* Exercise *
Give the listing again exactly, omitting its images.

* Recorded data *

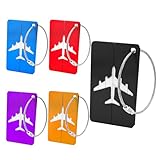 Mebamce 5 etiquetas de equipaje de metal con lazo de acero, etiquetas de equipaje seguras de viaje de aleación de aluminio con tarjeta de identificación impermeable para bolsa, mochila, maleta, funda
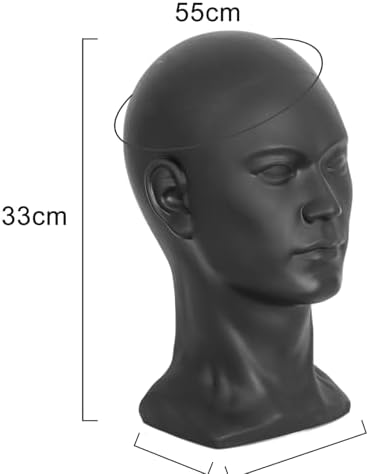 Black PVC Male Mannequin Head Professional Training Head Bald Manikin Head with Shoulder for Display Headphone Game Console Hats Wigs Jewellery Glasses Facemask Caps Model Head - Image 2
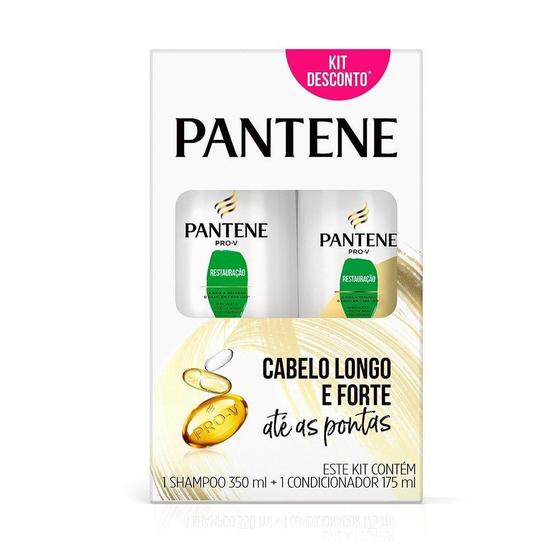 Imagem de Kit Shampoo 350ml + Condicionador 175ml Pantene Restauração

* Task answer *
 Mebamce 5 etiquetas de equipaje de metal con lazo de acero, etiquetas de equipaje seguras de viaje de aleación de aluminio con tarjeta de identificación impermeable para bolsa, mochila, maleta, funda
 Black PVC Male Mannequin Head Professional Training Head Bald Manikin Head with Shoulder for Display Headphone Game Console Hats Wigs Jewellery Glasses Facemask Caps Model Head - Image 2
 Imagem de Kit Shampoo 350ml + Condicionador 175ml Pantene Restauração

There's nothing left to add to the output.